Namun dia mengklaim ide itu muncul bukan untuk mengakomodasi kepentingan partai politik pendukung Prabowo Subianto-Gibran Rakabuming Raka di Pilpres 2024.
Wacana tersebut mendapat tanggapan berbeda dari berbagai kalangan. Berikut pendapat mereka.
1. Mahfud Md: Tambah Menteri Lagi, Kolusinya Semakin Meluas
Mantan calon wakil presiden Mahfud Md menyoroti wacana penambahan jumlah kementerian di pemerintahan Prabowo. Menurut dia, semakin banyaknya jumlah kementerian, bisa jadi karena tuntutan akibat bagi-bagi kekuasaan yang terlalu besar setelah pemilu.
“Setelah Pemilu menang, karena terlalu banyak (pihak) yang dijanjikan (dapat kursi kekuasaan), menteri-menteri jadi diperluas lagi,” kata Mahfud saat menjadi pembicara seminar nasional ‘Pelaksanaan Pemilu 2024: Evaluasi dan Gagasan ke Depan’ di Fakultas Hukum Universitas Islam Indonesia (UII) Yogyakarta, Rabu, 8 Mei 2024.
Mahfud menuturkan jumlah kementerian di Indonesia dari era ke era semakin banyak.
“Dulu kan 26 menteri, sekarang jadi 34 menteri, besok pemilu yang akan datang ditambah lagi jadi 60, tambah (menteri) lagi kolusinya semakin meluas dan negara bisa rusak,” kata Mahfud.
“Padahal di Amerika saja hanya ada 14 menteri, lalu sisanya dibagi ke dirjen (direktorat jenderal) yang dikelompok-kelompokkan begitu,” ujarnya menambahkan.
Dalam kajiannya bersama asosiasi pengajar hukum tata negara pada 2019, Mahfud mengatakan telah merekomendasikan jumlah pos kementerian dipangkas agar efektif.

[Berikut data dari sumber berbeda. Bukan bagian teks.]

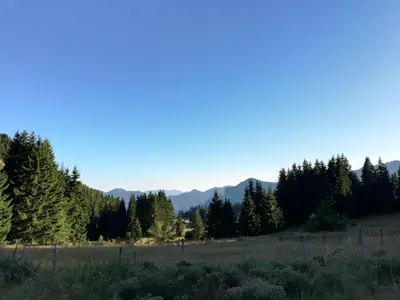a field with trees and mountains in the background at Grand Monastery - Azure Apartment in Pamporovo
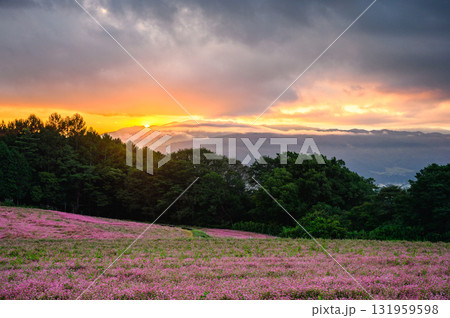 【日の出】赤そばの里【上伊那郡箕輪町】 131959598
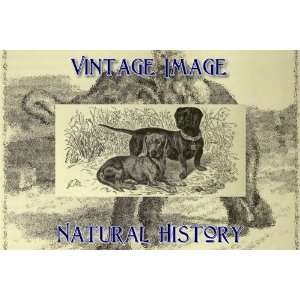   12 7cm x 4.5cm Photo Gift Tags Vintage Natural History Image Dachshund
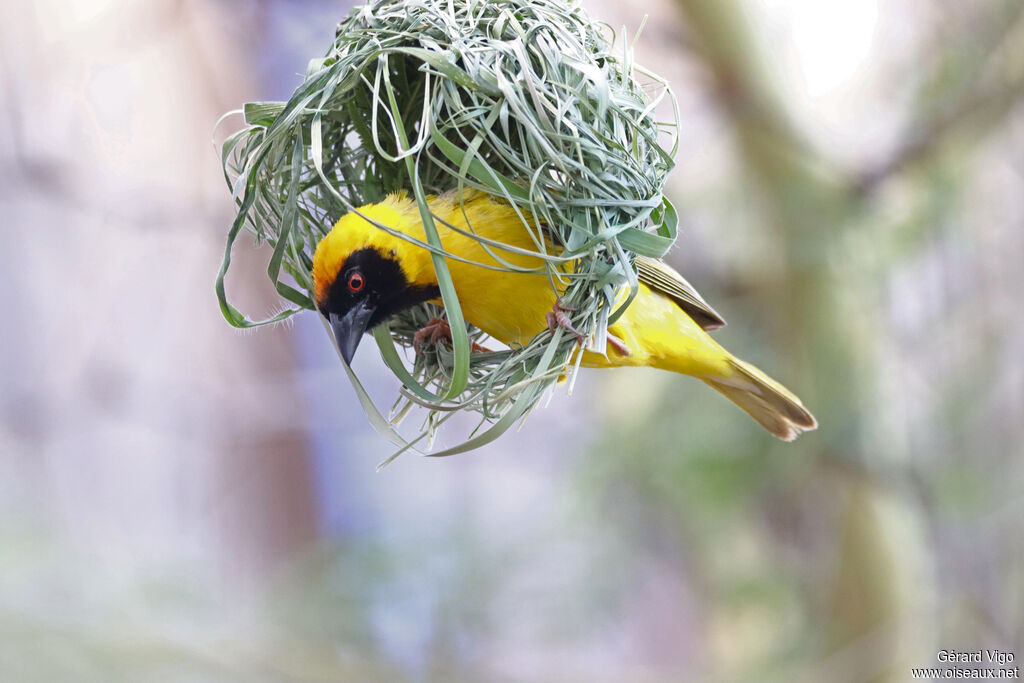 Southern Masked Weaver
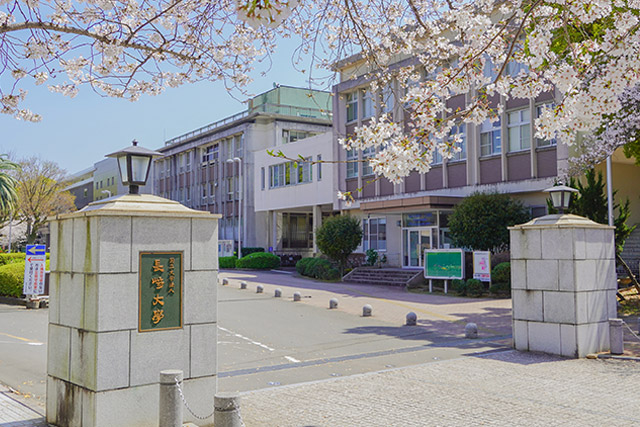 ＳＥＶＥＮ ＢＩＬＬ 大学・短大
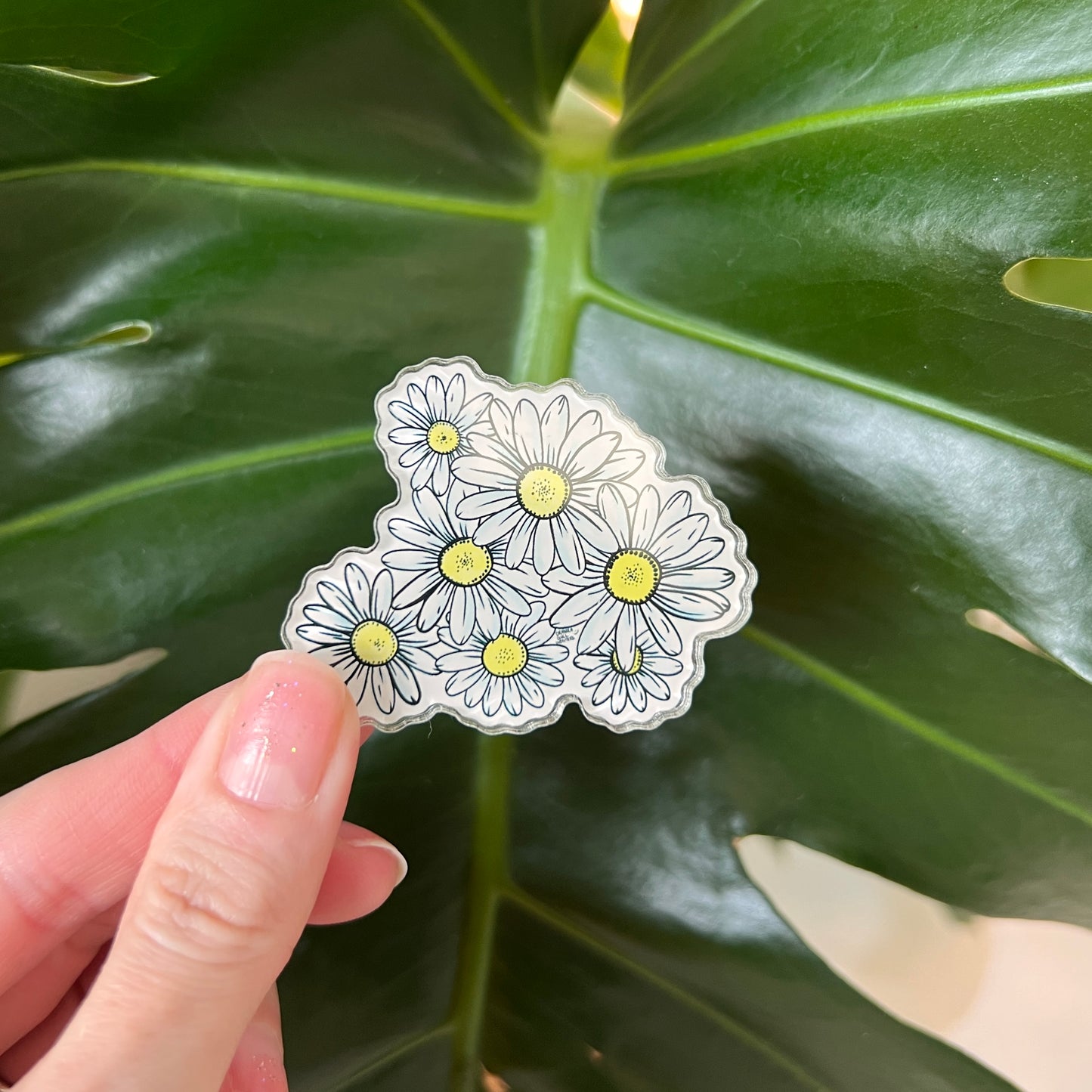 Fingers holding up an acrylic daisies magnet against a leafy background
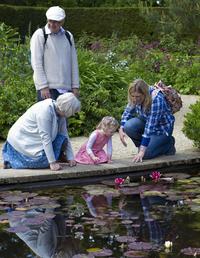 lilly-pond-805207_1280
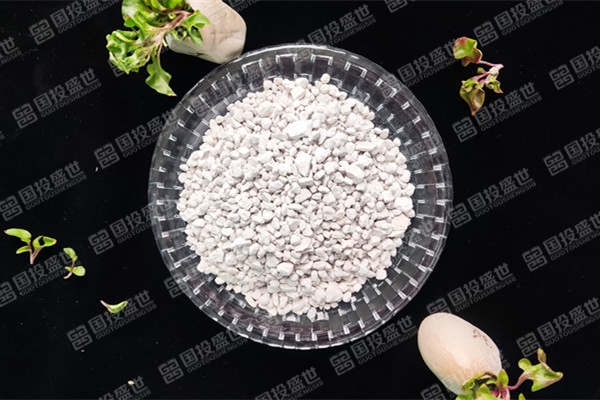 沸石在環境修復中的作用有什么？
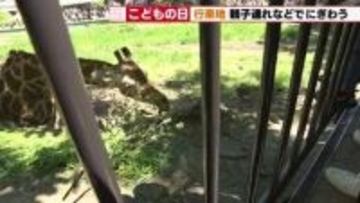 「家族でみんなでいるのが楽しい」GW後半の名古屋は行楽日和　東山動植物園や名古屋城が賑わう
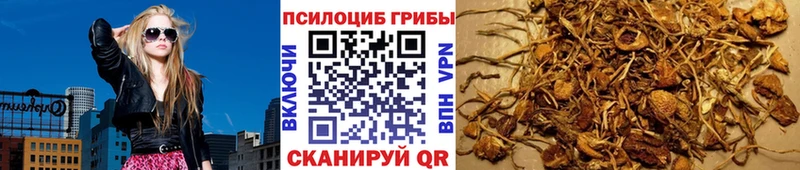 Галлюциногенные грибы мухоморы  Купить где  Каменногорск 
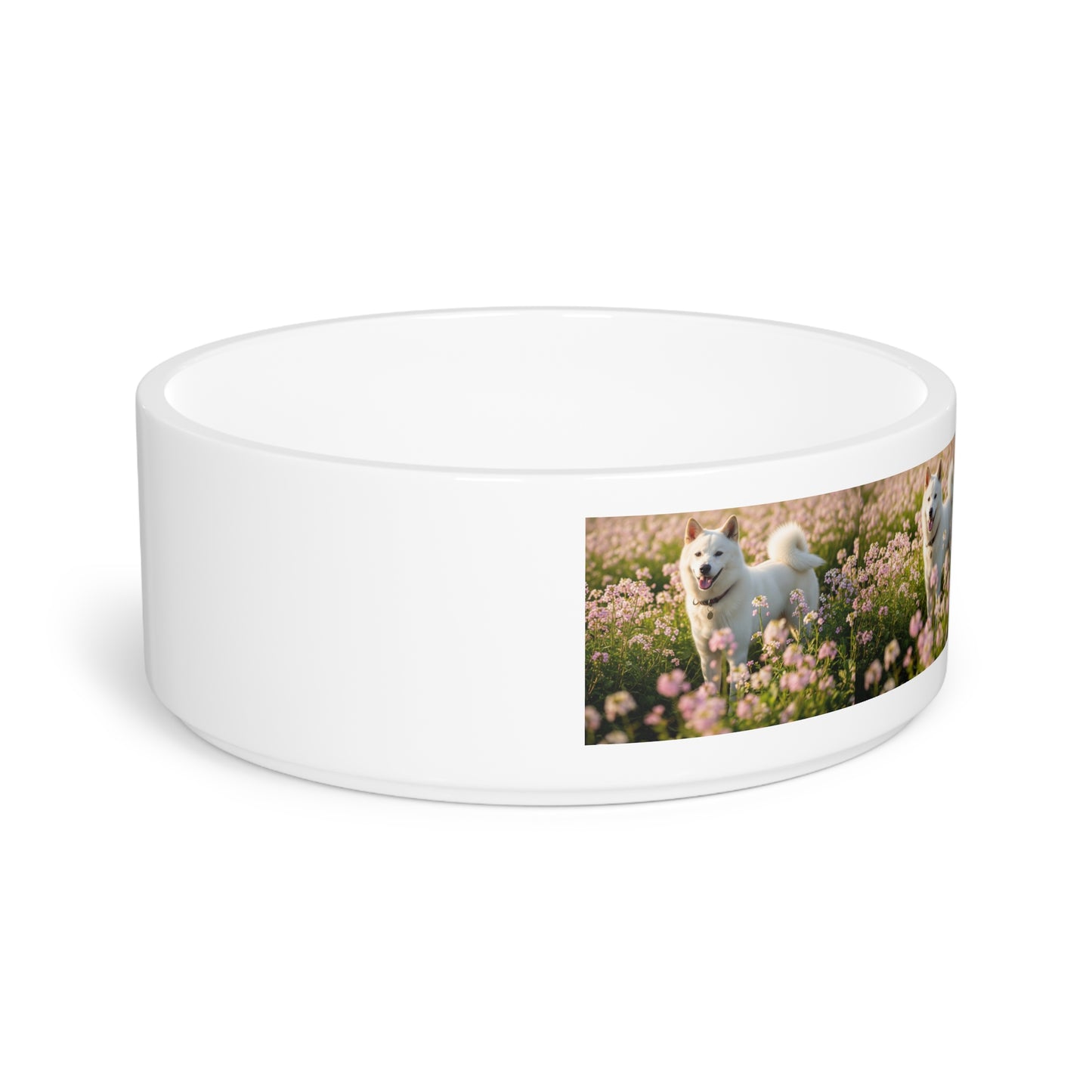Kishu Ken Pet Bowl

“Saat itu kami di asosiasi mengatakan bahwa pos kemenko (kementerian koordinator) dihapus, karena tidak ada gunanya,” kata dia. “Tapi karena saat itu (pasca Pemilu 2019) susunan kabinet sudah disusun, kami perhalus bahasannya kemenko tidak harus ada sesuai undang-undang, tapi semangatnya bukan terus bagi-bagi kekuasaan begitu.”